It’s very difficult to explain why silent films have become my entertainment of choice. Especially when so many movie fans get their image of silent movies from Singing in the Rain, Sunset Boulevard or The Three Amigos instead of viewing the films first-hand.
Silent movies occupy that mysterious chasm between sound films and books. In a sound movie, the viewer is shown everything they need to know through dialogue or imagery. They don’t have access to the character’s thoughts; unless, of course, the filmmaker resorts to a voice-over or a corny Dear Diary scene.
Silent films, on the other hand, are able to invite the viewer into the character’s head invisibly through carefully placed intertitles. Even better, if the title writer is clever enough (and they often were), the viewer could follow an elaborate conversation with only two or three intertitles. Our imaginations—and our lip reading skills—provide the rest.
This stimulation of the imagination is really what sets silent films apart from sound. The audience is allowed to project their own images of romance and adventure onto the characters. This is one reason why a good silent film will have a nearly hypnotic effect on the viewer.

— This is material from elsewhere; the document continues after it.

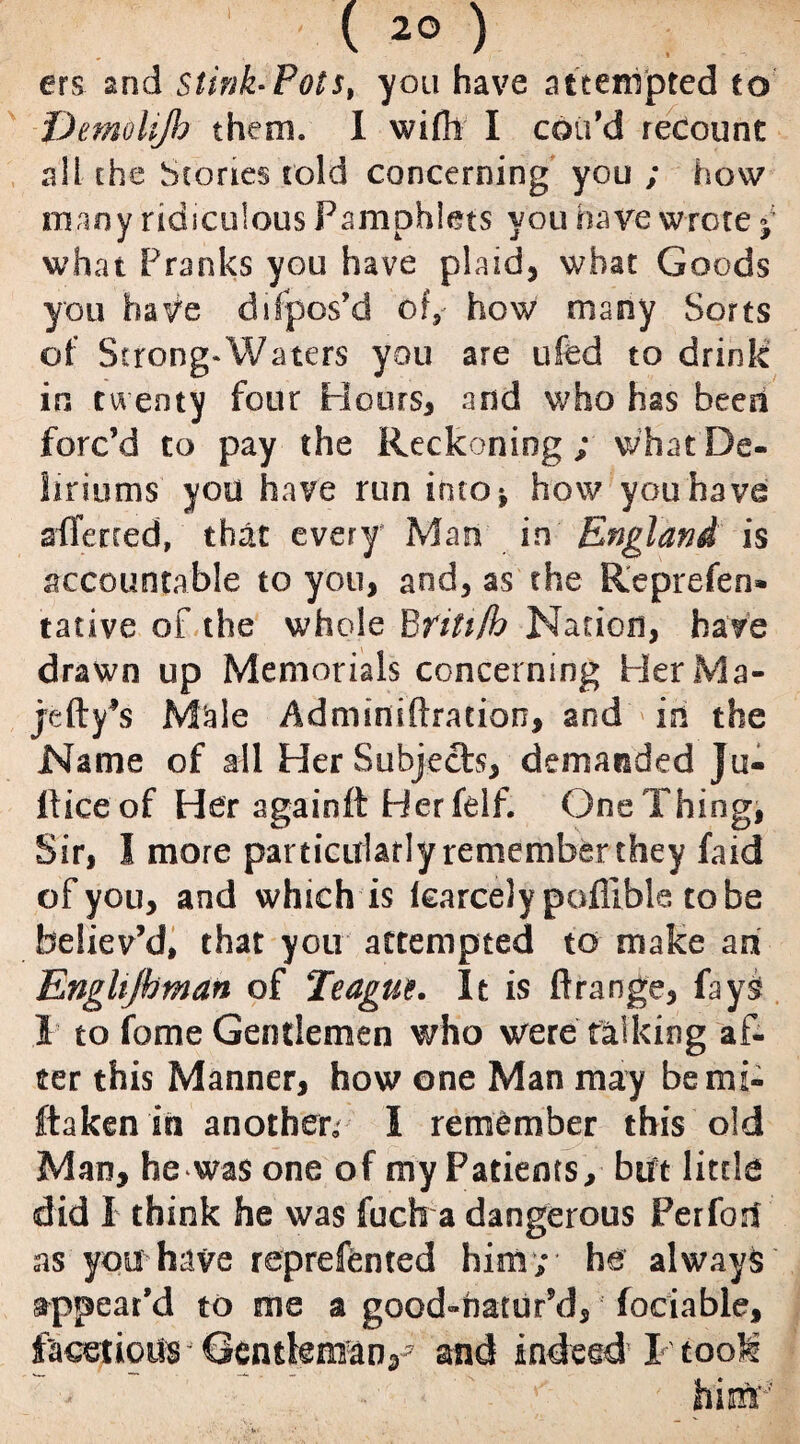 ers 2nd stink-Pols, you have attempted to Demolijh them. 1 wifh I coil'd recount all the Stones told concerning you ; how many ridiculous Pamphlets you have wrote ; what Pranks you have plaid, what Goods you have dispos'd of, how many Sorts of Strong-Waters you are ufed to drink in twenty four Hours* and who has been forc’d to pay the Reckoning; what De¬ liriums you have run into* how you have sfferred, that every Man in England is accountable to you, and, as the Reprefen* tative of the whole Britt/h Nation, have drawn up Memorials concerning Pier Ma- jefty’s M^le Adminiftration, and in the Name of all Her Subjects, demanded }u- Iticeof Her againft Pferfelf. One Thing, Sir, I more particularly remember they faid of you, and which is Icarcely poflible tobe believ’d, that you attempted to make an Enghjhman of Teague. It is ftrange, (ays I to fame Gentlemen who were talking af¬ ter this Manner, how one Man may bemi- ftaken in another, I remember this old Man, he was one of my Patients, but little did I think he was fuch a dangerous Perfon as you have reprefented him; he always appear’d to me a good-natur’d, fociable, facetious Gentkm^n,7 and indeed I took him'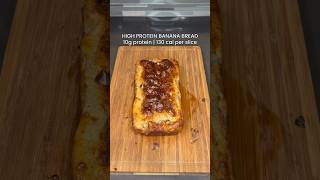HIGH PROTEIN BANANA BREAD #bananabread #highprotein #mealprep #healthydessert #gymfood #shorts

Most people are used to thinking of silent films as primitive sound movies. This is as inaccurate as saying that oil painting is primitive photography. More advanced technology often supplants an older art form but that does not mean that the old way was inherently inferior.
Silent film died suddenly at the onset of the Great Depression and became a punch line for bad jokes. One of the saddest things I have ever seen is The Camera Speaks, a 1934 short film written by and starring Billy Bitzer. Bitzer was D.W. Griffith’s cameraman and cinematographer for such films as Birth of a Nation, Intolerance, Way Down East and Broken Blossoms. In The Camera Speaks, he spends the entire short film heckling the “primitive” filmmaking and acting of the silent era. Archive footage of Charles Ray, Gloria Swanson and Bobby Vernon are played with snarky commentary.
Bitzer remains one of the most famous cameramen of the early motion pictures entirely due to his silent work with Griffith. It’s sad to see a veteran speak disparagingly of his craft. But that was the fate of many silent era performers and technicians.
Silent cinema is only just starting to receive the respect and recognition that it deserves. Year of neglect, though, have left its reputation in tatters with the movie-going public.
A silent movie in good condition and presented with a tasteful score is the ideal remedy for skeptics.